Without including any images, output the listing below exactly.

= Beginning of Section =

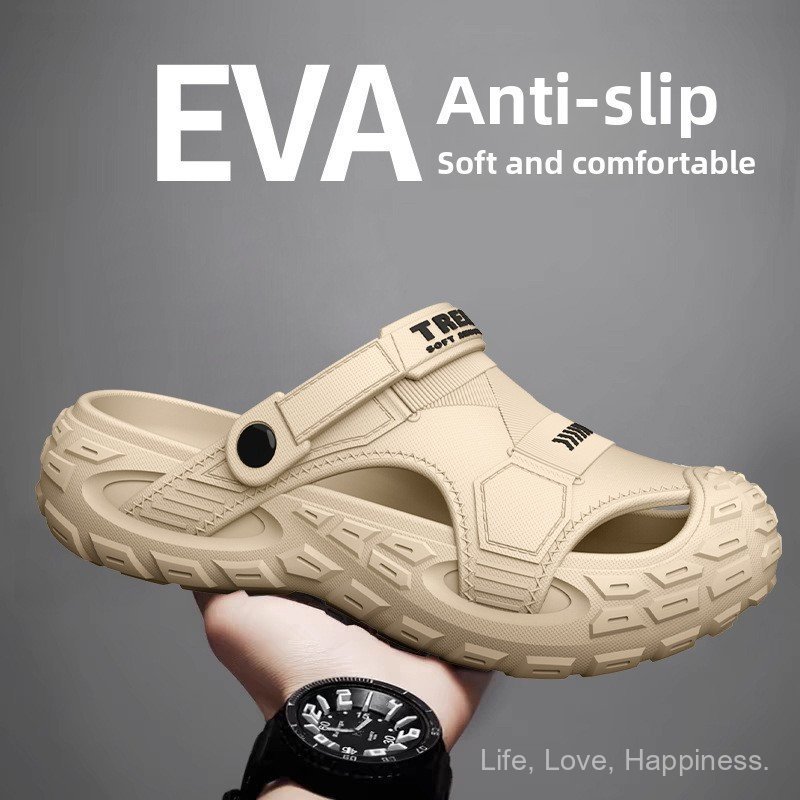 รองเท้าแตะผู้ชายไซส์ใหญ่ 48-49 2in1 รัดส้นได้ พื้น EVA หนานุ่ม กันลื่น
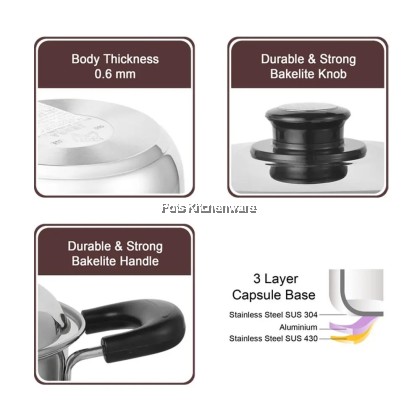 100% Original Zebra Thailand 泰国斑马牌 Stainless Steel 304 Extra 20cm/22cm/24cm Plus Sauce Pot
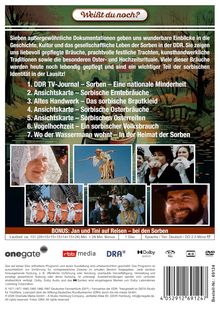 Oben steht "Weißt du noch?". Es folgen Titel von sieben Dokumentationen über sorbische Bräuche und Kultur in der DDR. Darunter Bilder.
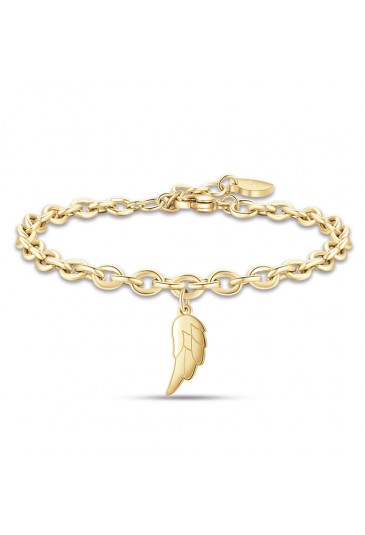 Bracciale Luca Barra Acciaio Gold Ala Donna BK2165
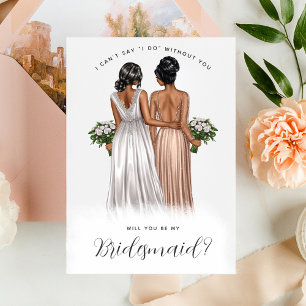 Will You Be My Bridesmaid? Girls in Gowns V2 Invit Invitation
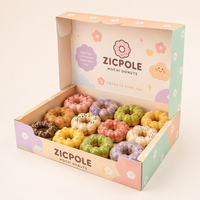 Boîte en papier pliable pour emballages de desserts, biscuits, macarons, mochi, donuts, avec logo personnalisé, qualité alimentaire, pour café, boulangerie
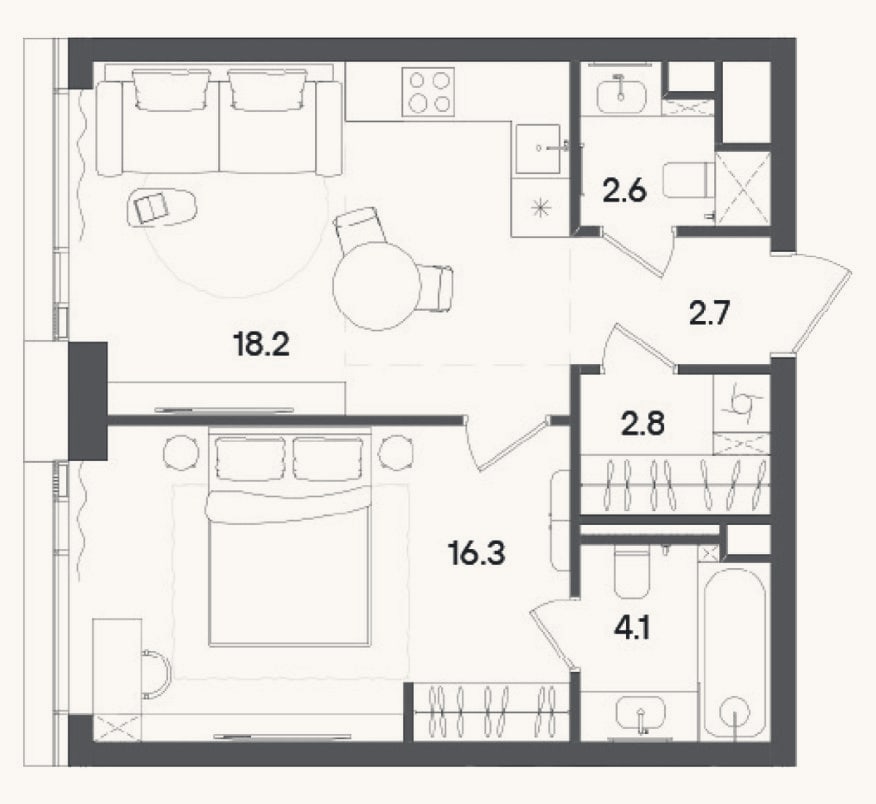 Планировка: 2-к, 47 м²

= End of Section =

Solution to this problem:
 รองเท้าแตะผู้ชายไซส์ใหญ่ 48-49 2in1 รัดส้นได้ พื้น EVA หนานุ่ม กันลื่น
 100% Original Zebra Thailand 泰国斑马牌 Stainless Steel 304 Extra 20cm/22cm/24cm Plus Sauce Pot
 Oben steht "Weißt du noch?". Es folgen Titel von sieben Dokumentationen über sorbische Bräuche und Kultur in der DDR. Darunter Bilder.
 Bracciale Luca Barra Acciaio Gold Ala Donna BK2165
 Will You Be My Bridesmaid? Girls in Gowns V2 Invit Invitation
 Boîte en papier pliable pour emballages de desserts, biscuits, macarons, mochi, donuts, avec logo personnalisé, qualité alimentaire, pour café, boulangerie
 Планировка: 2-к, 47 м²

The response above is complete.